Using PGlite postgres for development allows for 'Query Reflection.' Since the database is running in the same process as your frontend code, you can hook into the execution engine to log every single SQL command directly to your browser’s console. There is no 'hiding' the SQL anymore. You see the waterfall in real-time, right where you're building your UI. This immediate visibility forces developers to optimize their data fetching—switching to joins or lateral loads—long before the code ever sees a production server.
Identical Semantics: No More 'SQLite' Surprises
Many developers try to solve the local database problem by using SQLite for testing and Postgres for production. This is a recipe for disaster. From different regex syntax to the way NULLs are handled in ordering, the subtle differences between dialects eventually lead to 'it worked on my machine' bugs. By using PGlite, you are using Postgres. If your complex recursive CTE works in PGlite, it will work in your RDS or Supabase production instance.
The Realities and Limitations of WASM Databases
I wouldn't be an honest engineer if I told you PGlite was a drop-in replacement for your production backend. It isn't meant to be. There are significant trade-offs to running a database in a browser's WASM environment:
- Memory Limits: WASM currently uses a 32-bit address space, which limits linear memory to 4GB. In practice, once you account for overhead, PGlite is best suited for datasets in the 100-200MB range. Don't try to load your multi-terabyte data warehouse into a browser tab.
- Single-User Architecture: PGlite runs in a single-threaded, single-user mode. While version 0.4 introduced better connection management, it still doesn't have the heavy-duty multi-process concurrency of a native Postgres server.

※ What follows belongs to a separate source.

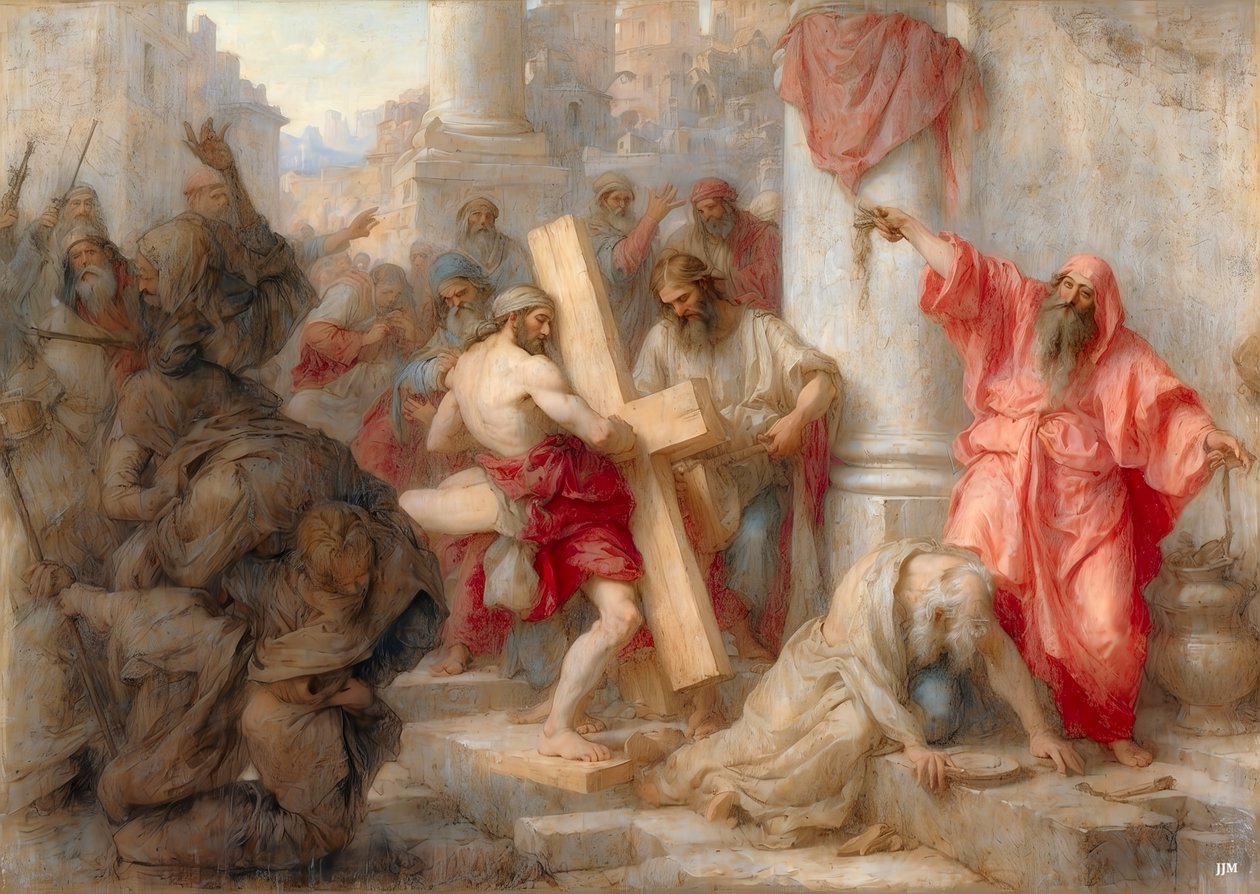 Jésus porte la croix à travers Jérusalem - Josef Johann Michel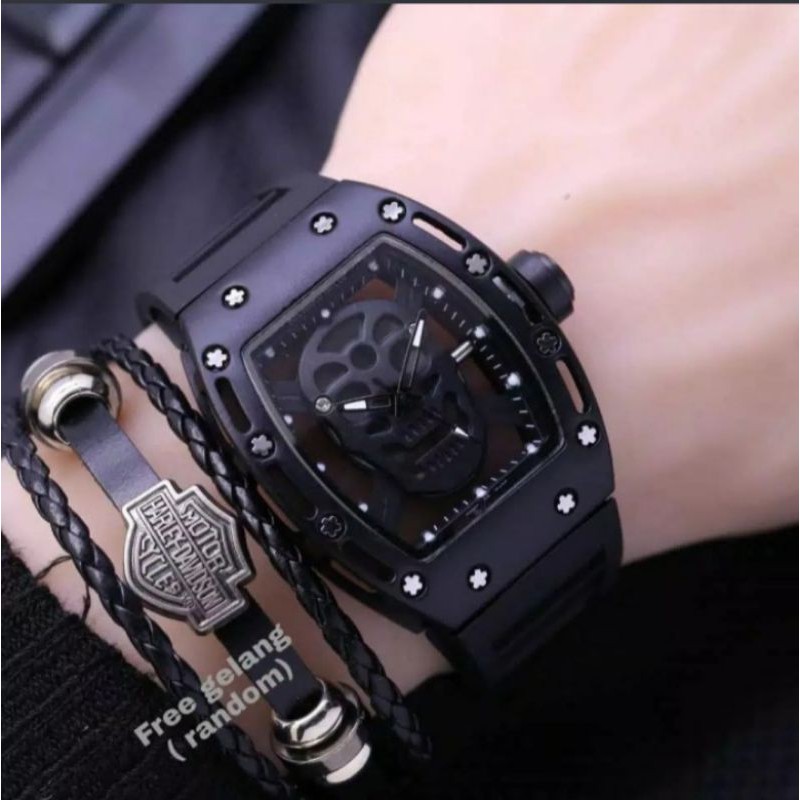 Jam Tangan Pria RM 1018 Tengkorak - Free Box Batre Gelang - Alexandree Christie Original Automatic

- Durability Concerns: While you can persist data using IndexedDB or the Origin Private File System (OPFS), browser storage is 'volatile' in the eyes of the OS. If a user's hard drive runs low on space, the browser might evict your IndexedDB data. This makes PGlite amazing for local-first apps with a cloud sync, but risky as a primary, sole data store for critical information.
Getting Started: A Local-First Future
Setting up PGlite postgres is as simple as npm install @electric-sql/pglite. Within minutes, you can have a running instance that persists to your browser's local storage. This is particularly transformative for onboarding new developers. Imagine a world where a new hire doesn't spend their first day fighting with Docker compose files and seed scripts, but simply clones a repo, runs npm start, and has a fully-functional, seeded Postgres instance running in their browser tab.
We are also seeing incredible movement in the ecosystem. With support for extensions like pgvector, developers are now building RAG (Retrieval-Augmented Generation) applications that run entirely on the client, searching through vector embeddings without ever sending sensitive data to a remote server. This isn't just a gimmick—it's a fundamental shift in privacy and performance for AI-driven web apps.
Conclusion: Stop Guessing, Start Reflecting
The 'N+1' crisis and the general opacity of production SQL are symptoms of a development environment that is too far removed from its data. By integrating PGlite postgres into your workflow, you bridge that gap. You gain the ability to test with high-fidelity SQL, visualize performance bottlenecks instantly, and build offline-capable, local-first applications that feel instantaneous to the user.
It’s time to stop treating your database like a distant mystery. Bring your SQL into the light of the browser dev tools, and see what your code is actually doing. Your users (and your sanity) will thank you. Have you tried moving your local tests to a WASM-based setup yet? The speed gains might just change the way you write code forever.